The Wall Street Journal

  • OCTOBER 15, 2011


    Republican presidential candidate Rick Perry announced his energy and jobs plan at a U.S. steel plant in Pittsburgh. He pledged to create more than 1 million jobs by expanding energy production and lifting federal regulations on the energy sector.

    Texas Gov. Rick Perry sought to reinvigorate his presidential bid Friday by outlining a plan to boost domestic energy production, a proposal he predicts would create more than a million jobs.

    In his first major policy address since joining the race in August, Mr. Perry called for circumventing Congress to roll back environmental regulations, expand domestic oil and gas production and end a broad swath of incentive programs for energy production.


    Associated PressTexas Gov. Rick Perry, right, tours the U.S. Steel Irvin Works in West Mifflin, Pa., before his speech Friday.

    The Texas governor, speaking to workers clad in hard hats on the floor of a Pittsburgh-area steel mill, unveiled the proposal as he sought to rebound from missteps and debate performances that resulted in eroding poll numbers and the loss of his front-runner status. The latest Wall Street Journal/NBC News poll showed Mr. Perry’s support has slipped 22 percentage points since the end of August, from 38% to 16% at the beginning of October.

    The governor’s wife, Anita, told a South Carolina audience this week it has been a “rough month,” as Mr. Perry has been criticized by Republicans and Democrats and has been eclipsed in the polls and media coverage by former business executive Herman Cain.
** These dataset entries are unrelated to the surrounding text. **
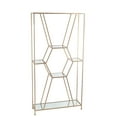thumbnail image 2 of Privilege Metal Shelf with Mirror Tops and Hexagonal Geometric Theme in Gold, 2 of 2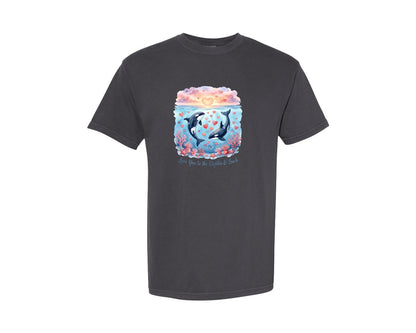 brand:Comfort Colors|color:Graphite|Orca Love Underwater Valentine Love 2 Graphic T-Shirt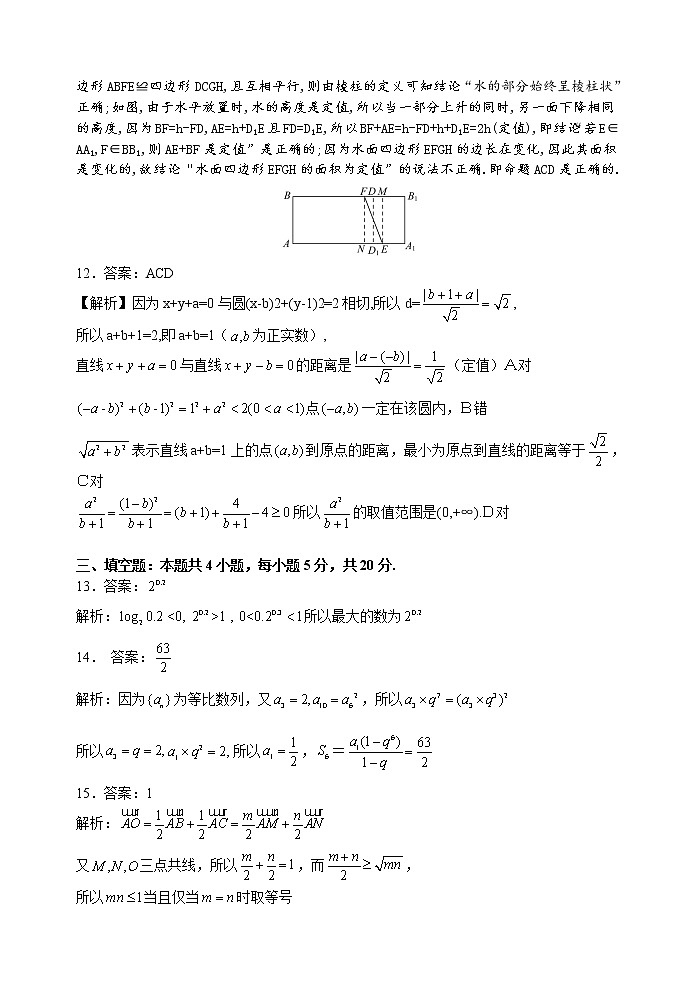 2020岳阳县一中高二下学期期中考试数学试题（可编辑）PDF版含答案03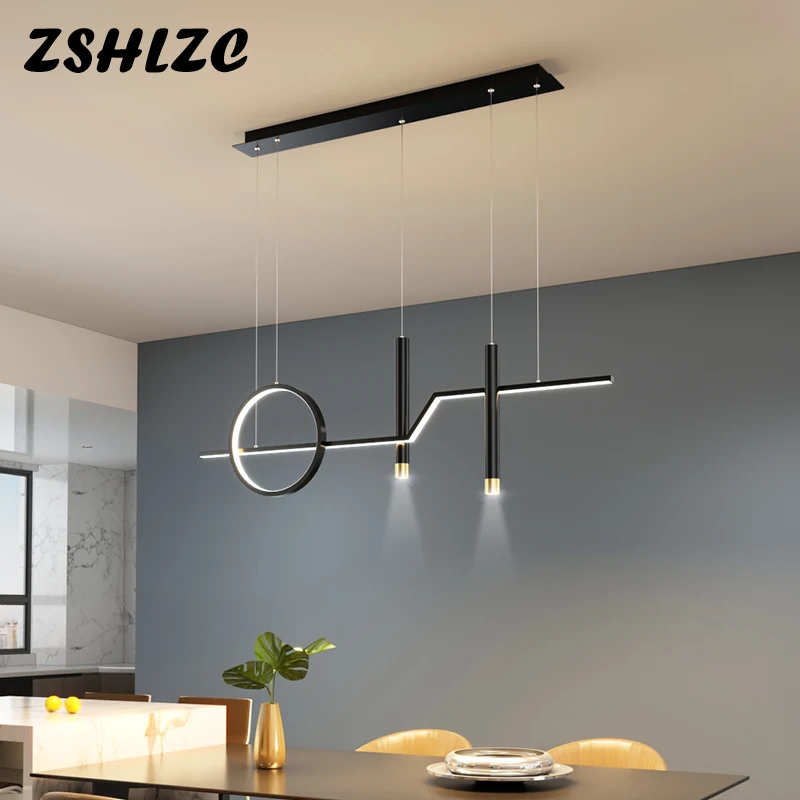 Modern Home Led Pendant Light Black 100CM Creative LED Pendant Lamp for Living room Dining room Kitchen Light Fixturse 110V 220V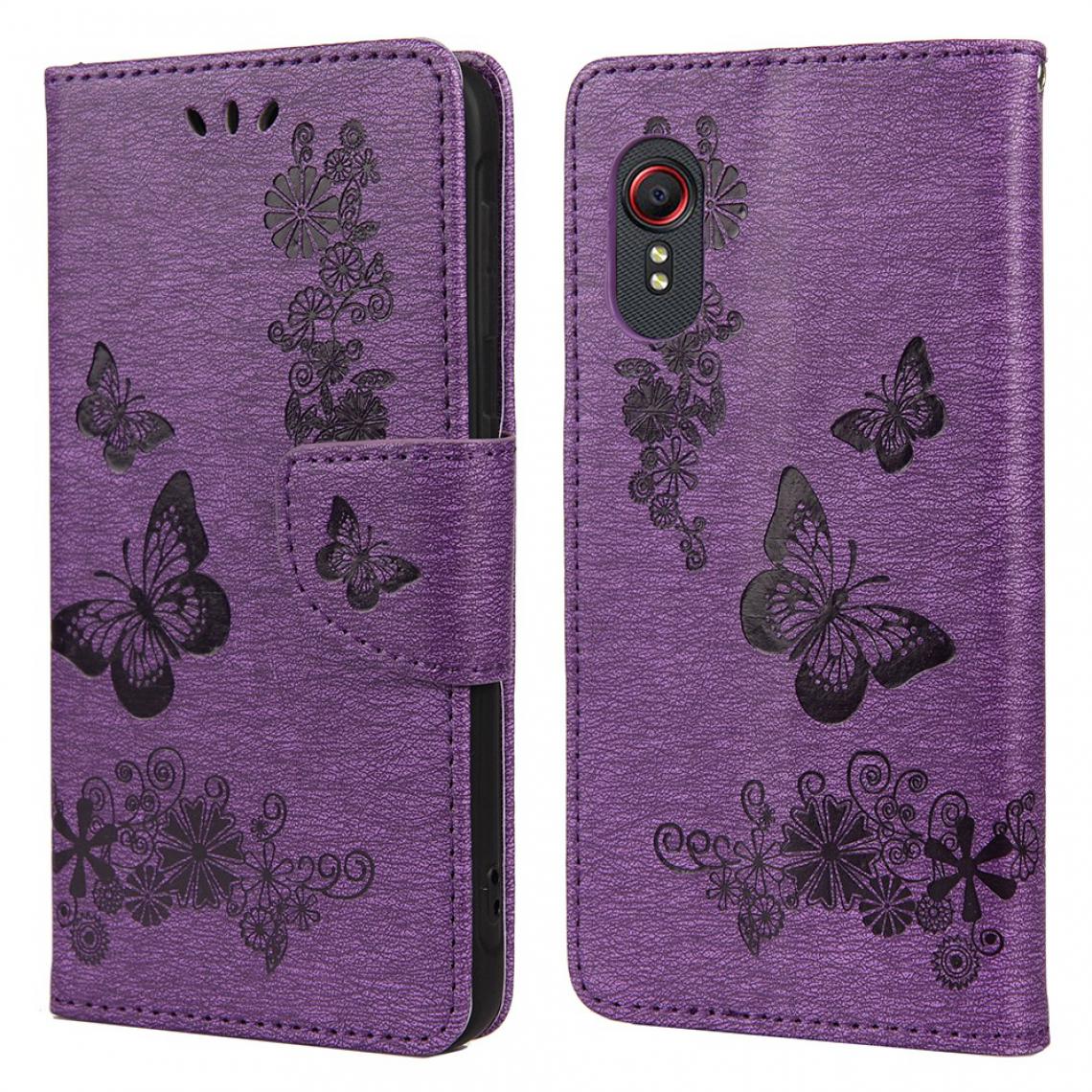 Other - Etui en PU Empreinte Papillon Fleur avec support violet pour votre Samsung Galaxy Xcover 5 - Coque, étui smartphone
    The energy proposal marks the first installment of a broader economic package Mr. Perry will roll out in the weeks ahead. Later installments will address tax reform and deficit reduction, he said Friday.

    Mr. Perry’s energy plan resembles those offered by other Republicans, both in Congress and on the presidential-campaign trail. Increased domestic energy production has become a hallmark of the GOP in recent years, and his plan borrows many of those same ideas. The oil and gas industry is also a major employer in Texas, so the proposal allows the governor to lead with a segment of the economy he understands well.

    Mr. Perry claims his energy plan is the most feasible because it doesn’t require congressional approval. He calls for opening new federal land, including Alaska’s Arctic National Wildlife Refuge, to expanded oil and gas production, and expediting the permit process for offshore production in the Gulf of Mexico and along portions of the Atlantic Coast. Congress has debated opening the wildlife refuge for years but hasn’t approved it, and environmental experts question whether a president could claim the authority to do it without congressional approval.

    “If a president could allow drilling in the Arctic through executive order, George W. Bush would have done it on his first day in office,” said Daniel J. Weiss, a senior fellow at the Center for American Progress Action Fund.

    Mr. Perry criticized President Barack Obama repeatedly, saying the president’s energy and environmental policies make the U.S. more dependent “on hostile sources of energy,” naming Venezuela and countries in the Middle East. Mr. Perry also said Mr. Obama’s policies will cost the country 2.4 million jobs.

    “Creating jobs in America is as simple as changing presidents,” Mr. Perry said. “America needs jobs. America needs energy.”

    To roll back Obama administration policies, Mr. Perry would restructure the Environmental Protection Agency so that states would have more authority. He also would suspend new rule making under way that would give the EPA increased authority to police utilities and other large carbon emitters. Mr. Perry also would seek limits on environmental lawsuits that have tied up the issuance of federal permits and energy production.

    His plan calls for phasing out subsidy programs and tax incentives for energy producers while preserving those for research and development in the industry. Mr. Perry singled out renewable-energy industries, like wind farms, as a target for ending incentives.

    Mr. Perry is running on his record for job creation as Texas governor, attributing that record to the state’s low taxes, minimal regulatory burden and restrictions on frivolous lawsuits.

    But his rivals have started questioning that record. Mitt Romney’s campaign issued a release Friday pointing out that unemployment in Texas has doubled since Mr. Perry became governor. Mr. Romney and others also have criticized the Texas governor for the state’s proportion of low-wage workers and the uninsured. In recent weeks, the Romney campaign has also hectored Mr. Perry to offer specific proposals after speaking in generalities during his first two months as a candidate.

    The energy speech was Mr. Perry’s attempt to steady his campaign and refocus the race on the specific proposals he would push as president.

    “The central issue facing America is the lack of jobs,” Mr. Perry said Friday.

    He then distilled his economic plan to three basic principals: “Make what Americans buy, buy what Americans make and sell it to the world.”